Zwar kann man Wachstum nicht auf Null senken, weil ohne Gewinn niemand investiert. Denn jede Investition ist mit einem Risiko behaftet, für das es ein Entgelt geben muss. Doch 1,8% Wachstum würden reichen, langfristig auch weniger, um Umwelt und Ressourcen zu schonen, hat Prof.
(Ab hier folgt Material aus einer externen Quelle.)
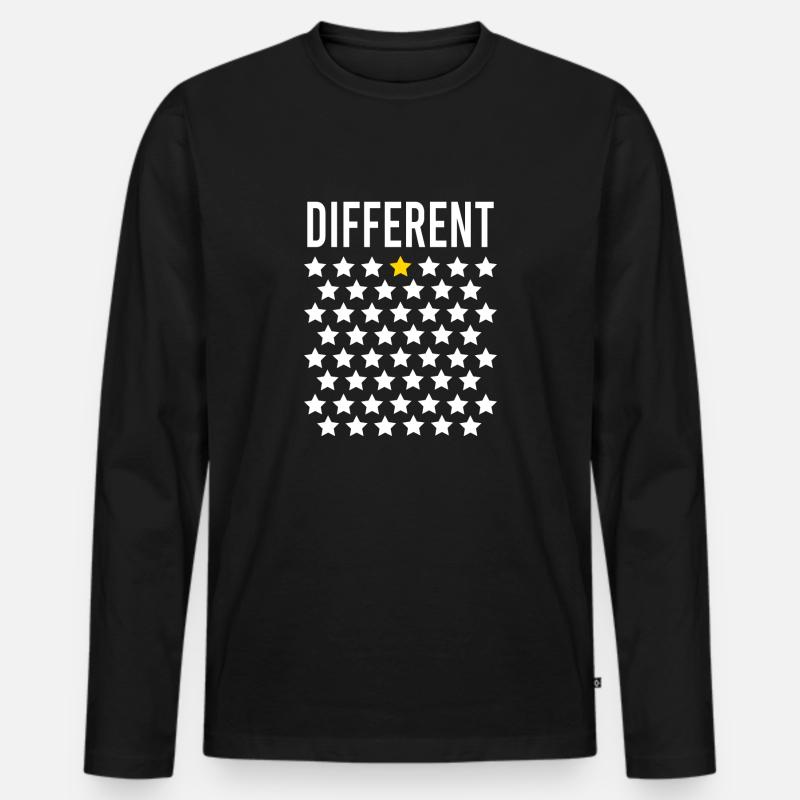 Verschieden - Männer Premium Bio Langarmshirt - Schwarz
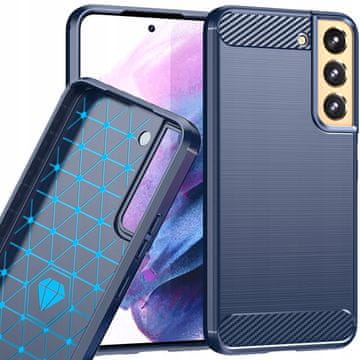 HURTEL Silikonski ovitek Carbon za Samsung Galaxy S23+, moder, z karbonskim vzorcem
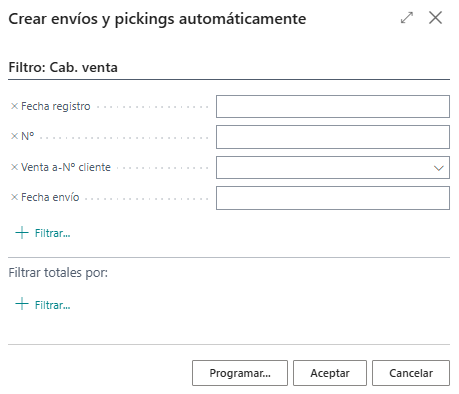 Crear envíos automático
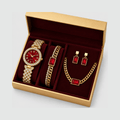 Kit Relógio Feminino Vermelho + Joias | Look Luxo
Hans Christoph Binswanger, „Erfinder“ der Ökosteuer und Buchautor „Die Wachstumsspirale“, errechnet. Auch ist eine Übereinstimmung der Produktion und des Konsumverhaltens mit der ökologischen Notwendigkeit erforderlich. Insoweit enthalten teilweise die Konjunkturprogramme der Regierung mit ihren Geldern für Investitionen in Umweltschutz, Energiesparprogramme und Gebäudesanierung, öffentlichen Nahverkehr oder Bildungseinrichtungen immerhin eine sinnvolle Umsteuerung im Sinne der Nachhaltigkeit. Denn Energie, Trinkwasser und Rohstoffe bleiben knapp.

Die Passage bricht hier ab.